Directions for this task: One part of the entries below is wanted: the lines from the one containing "2013 Toyota Sequoia" through the one containing "VA license plate VEO8100". Write those out exactly and nothing else.
*** Material for this task
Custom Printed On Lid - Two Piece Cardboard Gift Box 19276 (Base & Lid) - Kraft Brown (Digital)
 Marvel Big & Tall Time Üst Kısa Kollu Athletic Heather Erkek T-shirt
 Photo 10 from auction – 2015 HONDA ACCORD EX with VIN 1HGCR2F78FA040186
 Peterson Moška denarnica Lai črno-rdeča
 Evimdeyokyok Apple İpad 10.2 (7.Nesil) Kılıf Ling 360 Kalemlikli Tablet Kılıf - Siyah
******
*** Material for this task
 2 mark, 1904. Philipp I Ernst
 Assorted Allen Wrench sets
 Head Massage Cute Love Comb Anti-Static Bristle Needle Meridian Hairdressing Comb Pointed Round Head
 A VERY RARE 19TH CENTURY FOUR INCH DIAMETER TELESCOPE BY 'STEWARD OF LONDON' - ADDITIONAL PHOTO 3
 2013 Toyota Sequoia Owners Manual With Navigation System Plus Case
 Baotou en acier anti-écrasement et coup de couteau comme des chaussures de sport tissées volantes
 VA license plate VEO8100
******
Solution:
 2013 Toyota Sequoia Owners Manual With Navigation System Plus Case
 Baotou en acier anti-écrasement et coup de couteau comme des chaussures de sport tissées volantes
 VA license plate VEO8100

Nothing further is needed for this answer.